Scientific Reports | 2016
Yalu Wen; Zihuai He; Ming Li; Qing Lu
With the advance in high-throughput sequencing technology, it is feasible to investigate the role of common and rare variants in disease risk prediction. While the new technology holds great promise to improve disease prediction, the massive amount of data and low frequency of rare variants pose great analytical challenges on risk prediction modeling. In this paper, we develop a forward random field method (FRF) for risk prediction modeling using sequencing data. In FRF, subjects’ phenotypes are treated as stochastic realizations of a random field on a genetic space formed by subjects’ genotypes, and an individual’s phenotype can be predicted by adjacent subjects with similar genotypes.
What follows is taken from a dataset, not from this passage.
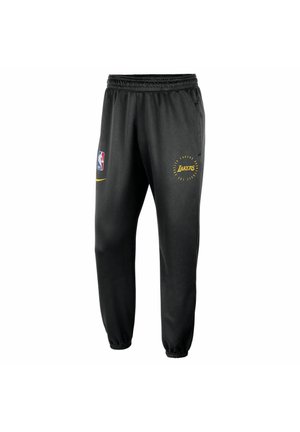 BASKETBALLbNBA LOS ANGELES LAKERS DF SPOTLIGHT - Tracksuit bottoms - schwarz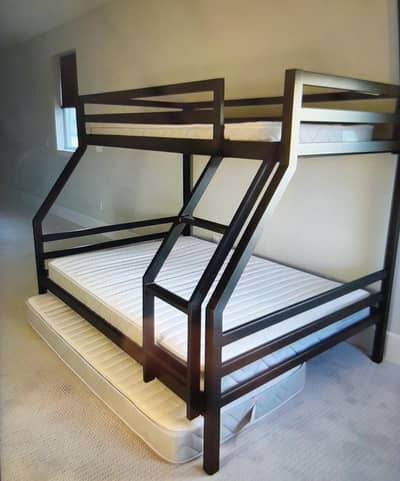 Brand New Iron Customised Beds Available.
The FRF method allows for multiple similarity measures and candidate genes in the model, and adaptively chooses the optimal similarity measure and disease-associated genes to reflect the underlying disease model. It also avoids the specification of the threshold of rare variants and allows for different directions and magnitudes of genetic effects. Through simulations, we demonstrate the FRF method attains higher or comparable accuracy over commonly used support vector machine based methods under various disease models. We further illustrate the FRF method with an application to the sequencing data obtained from the Dallas Heart Study.